GdF-Forderungen im Schlichterspruch, den Fraport abgelehnt hatte. Der Flughafenbetreiber spricht von überzogenen Lohnerhöhungen von bis zu 70 Prozent. Die Gewerkschaft weist diese Darstellung zurück. Es gehe um Lohnsteigerungen von "maximal 28 Prozent". Aus Sicht des Flughafenbetreibers war der Schlichterspruch auf den Konflikt mit der GdF konzentriert. "Wir müssen aber gucken, wie das in das Gehaltsgefüge von Fraport passt", so Fraport-Sprecher Mike Schweitzer. Die Forderungen der GdF sprengten das Gehaltsgefüge für die gut 19.000 Flughafen-Mitarbeiter. Das Vorfeldpersonal ist eine kleine Berufsgruppe, hat aber eine zentrale Rolle auf dem Flughafen, weil sie alle Bewegungen der Flugzeuge im Park und Rangierbereich am Boden eines Airports regeln. Der Arbeitskampf der rund 200 Beschäftigten kann deshalb Starts und Landungen stark behindern.

Der Konflikt reißt einen tiefen Graben ins Lager der Arbeitnehmervertreter. Auch der Fraport-Betriebsrat hält die Forderungen der GdF für "egoistisch" und fürchtet um den Konzernfrieden: "Für die Angemessenheit von Lohnforderungen ist es Indiz genug, dass in vielen anderen Branchen derzeit fünf bis sieben Prozent für die anstehenden Verhandlungen gefordert werden", sagt der Konzernbetriebsratsvorsitzende Edgar Stejskal. Er könne "nur appellieren, dass die GdF wieder zur Besinnung kommt".

Löhne wie hochqualifizierte Berufsgruppen

Die GdF wolle das Lohnniveau der 200 Vorfeld-Beschäftigten in Bereiche treiben, die normalerweise hochqualifizierten Berufsgruppen wie Ingenieuren gezahlt würden, moniert Stejskal. Bei den Mitarbeitern gehe es aber um "Qualifikationen, für die kein Fachhochschulstudium nötig" seien. Als Beispiel nennt er die Fahrer der Vorfeldaufsicht, welche die schwarz-gelben Fahrzeuge mit den "Follow me!"-Aufschriften fahren. Dies sei "eine Tätigkeit, die angelernt werde" und insofern "leicht ersetzbar".
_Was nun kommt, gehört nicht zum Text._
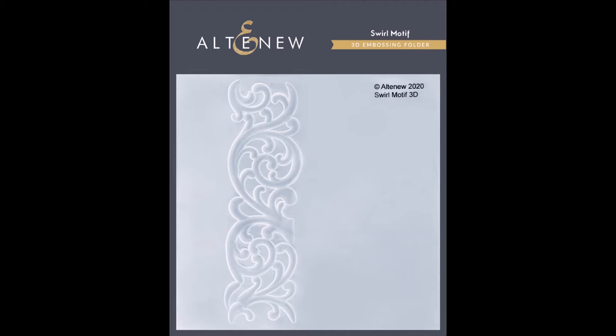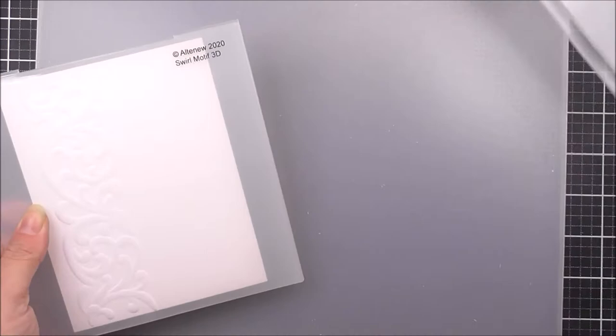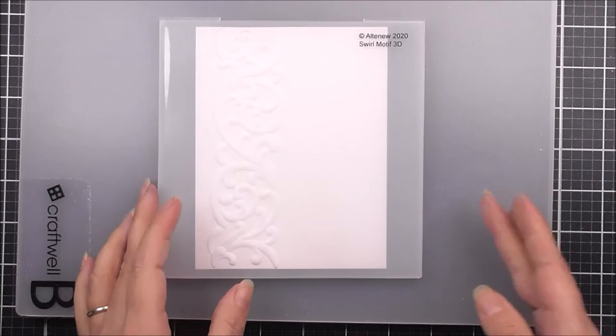Introducing the Swirl Motif 3D Embossing Folder from Altenew. Take your projects to a whole new dimension with our 3D Embossing Folders. This embossing folder features a beautiful architectural swirl motif. With its beautiful dimensional swirls and swashes, this will make a great border, giving your projects an elegant hint of texture.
Wenn immer mehr kleine Berufsgruppe einen separaten Tarifvertrag für sich auszuhandeln versuchten, werde der einheitliche Flächentarifvertrag für den Fraport-Konzern zerbrechen, warnt Stejskal. "Es kann nicht sein, dass eine kleine, selbsternannte Elitetruppe ihre Forderungen auf Biegen und Brechen durchdrückt. Das ist Egoismus".

Den Vorwurf der Ersetzbarkeit einzelner Tätigkeiten im Vorfeld will die GdF nicht gelten lassen. Vorfeldkontrolleure etwa, die Flugzeuge eine Parkposition zuweisen, müssten eine zweijährige Ausbildung absolvieren, sagt er. Insofern herrschten in dem Bereich hohe Anforderungen. Unverständnis wegen Lohnerhöhungen habe er in der Belegschaft zuletzt nur an einer Stelle bemerkt: Das sei das Gehaltsplus gewesen, dass sich die Konzernspitze in den letzten Jahren genehmigt habe.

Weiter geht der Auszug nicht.